[Captioned web images]
---*---
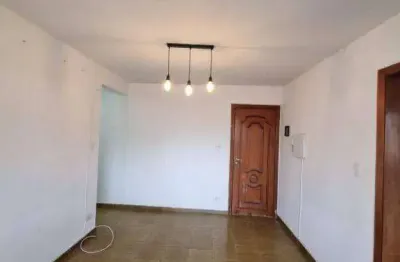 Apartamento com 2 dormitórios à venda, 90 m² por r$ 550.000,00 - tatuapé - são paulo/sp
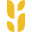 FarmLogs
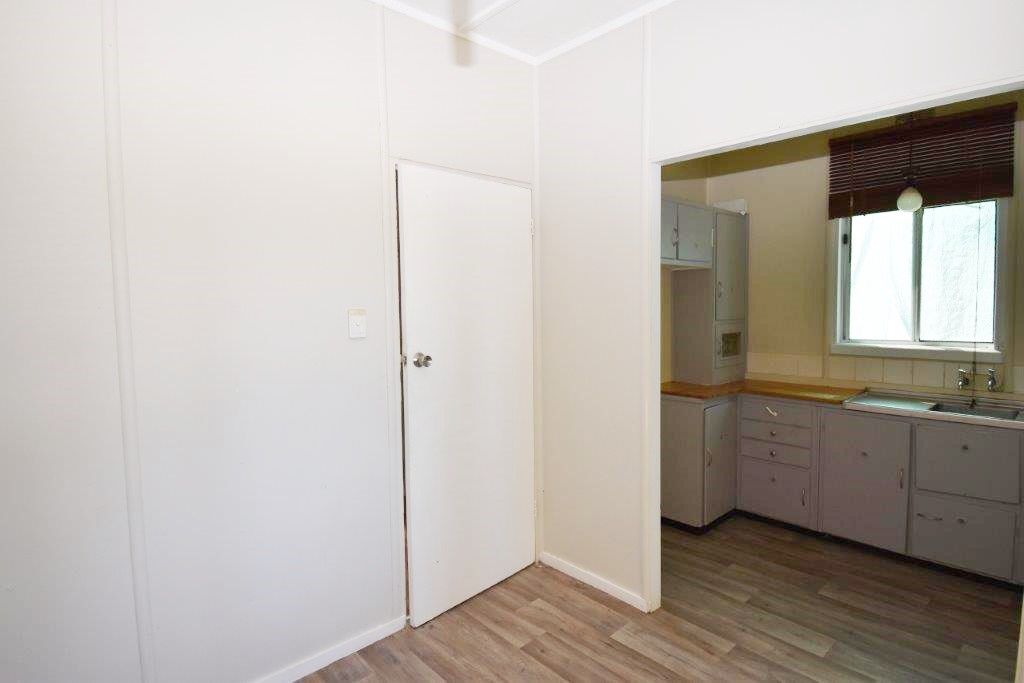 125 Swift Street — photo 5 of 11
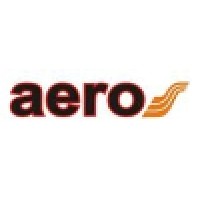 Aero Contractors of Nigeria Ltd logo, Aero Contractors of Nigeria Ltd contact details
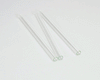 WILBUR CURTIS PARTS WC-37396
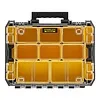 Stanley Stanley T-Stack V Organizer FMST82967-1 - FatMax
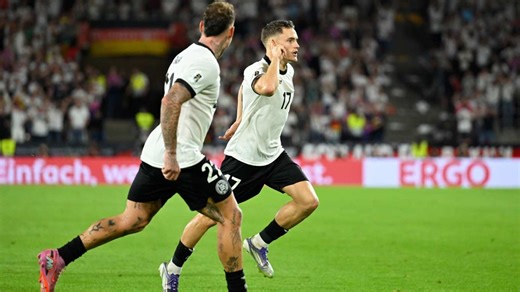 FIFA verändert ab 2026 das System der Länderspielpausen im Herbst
---*---
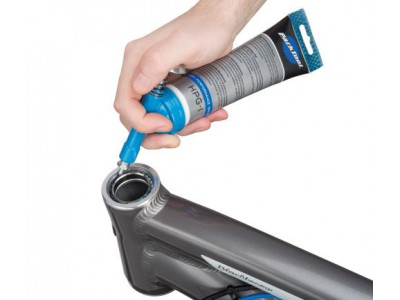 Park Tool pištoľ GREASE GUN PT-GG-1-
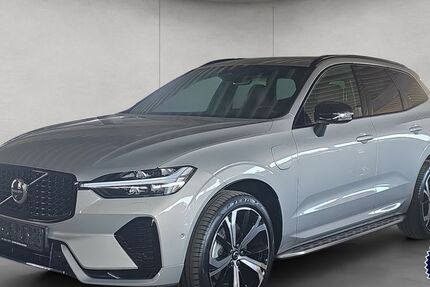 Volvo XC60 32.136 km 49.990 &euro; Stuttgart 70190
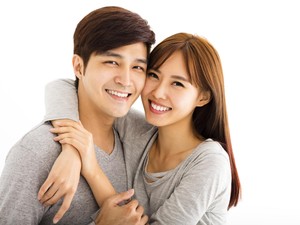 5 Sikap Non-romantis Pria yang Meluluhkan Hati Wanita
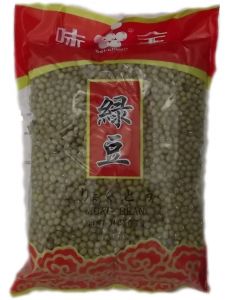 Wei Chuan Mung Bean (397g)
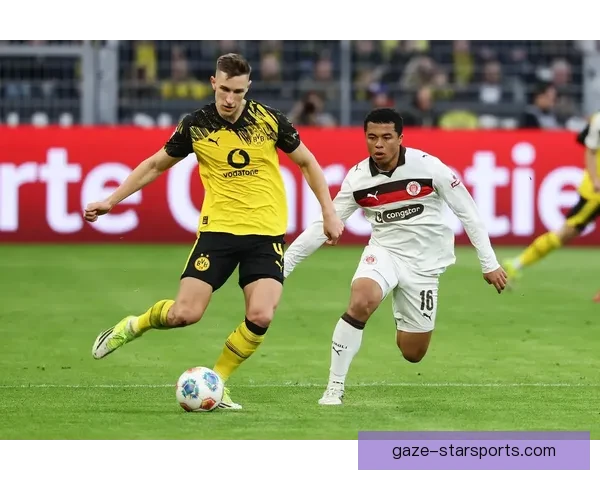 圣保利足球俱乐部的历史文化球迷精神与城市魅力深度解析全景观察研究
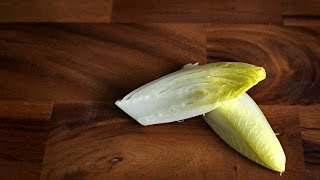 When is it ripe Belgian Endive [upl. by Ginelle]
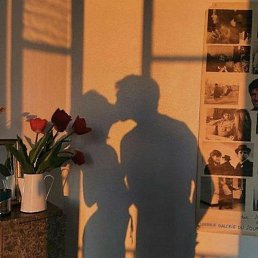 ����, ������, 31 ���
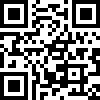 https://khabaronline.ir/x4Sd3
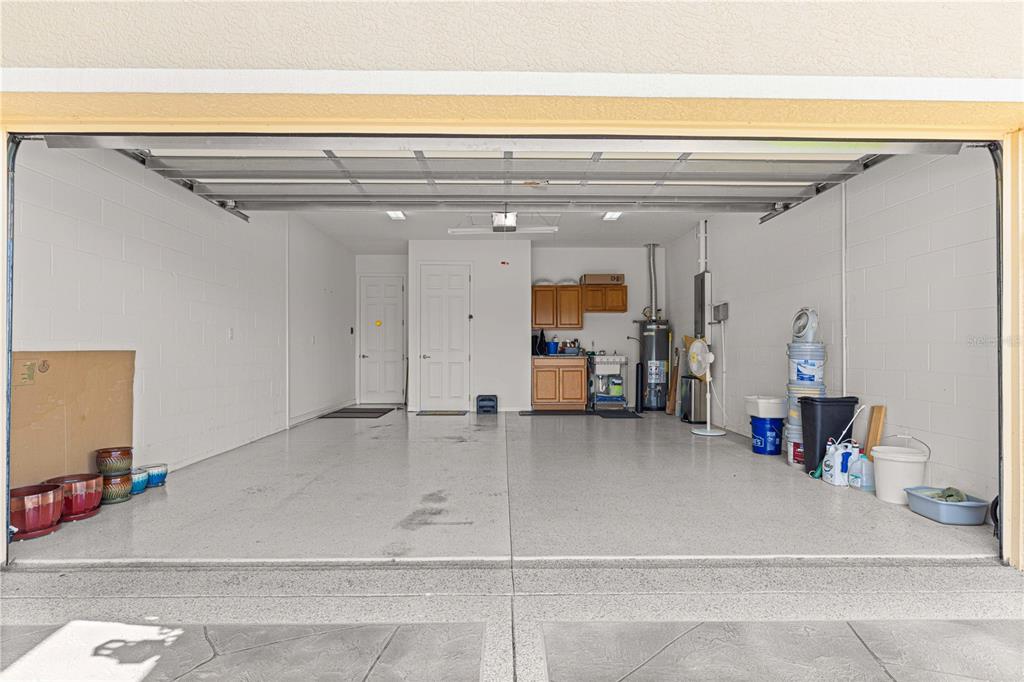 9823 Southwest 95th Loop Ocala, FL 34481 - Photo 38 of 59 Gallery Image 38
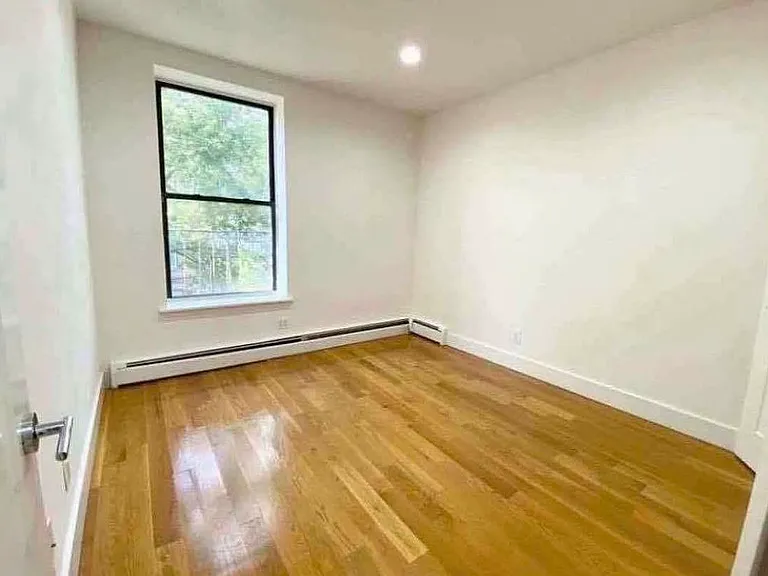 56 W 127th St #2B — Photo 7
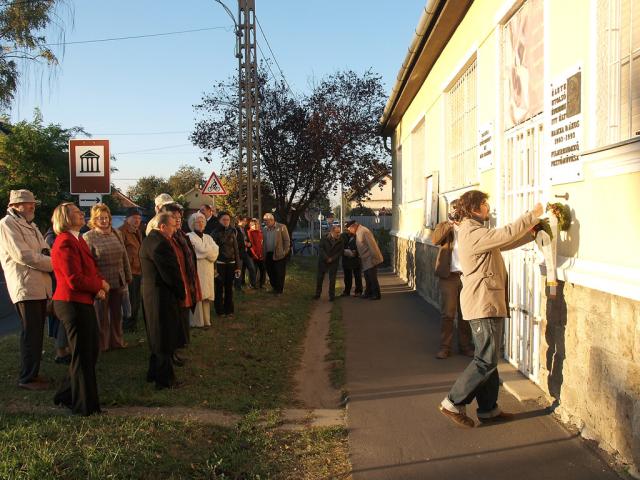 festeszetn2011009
---*---
» Try it
Above are the records; copy exactly the lines from the one with "5 Sikap Non-romantis" through the one with "festeszetn2011009", including both, and nothing more. Leave out pictures.

» Your response
 5 Sikap Non-romantis Pria yang Meluluhkan Hati Wanita
 Wei Chuan Mung Bean (397g)
 圣保利足球俱乐部的历史文化球迷精神与城市魅力深度解析全景观察研究
 When is it ripe Belgian Endive [upl. by Ginelle]
 ����, ������, 31 ���
 https://khabaronline.ir/x4Sd3
 9823 Southwest 95th Loop Ocala, FL 34481 - Photo 38 of 59 Gallery Image 38
 56 W 127th St #2B — Photo 7
 festeszetn2011009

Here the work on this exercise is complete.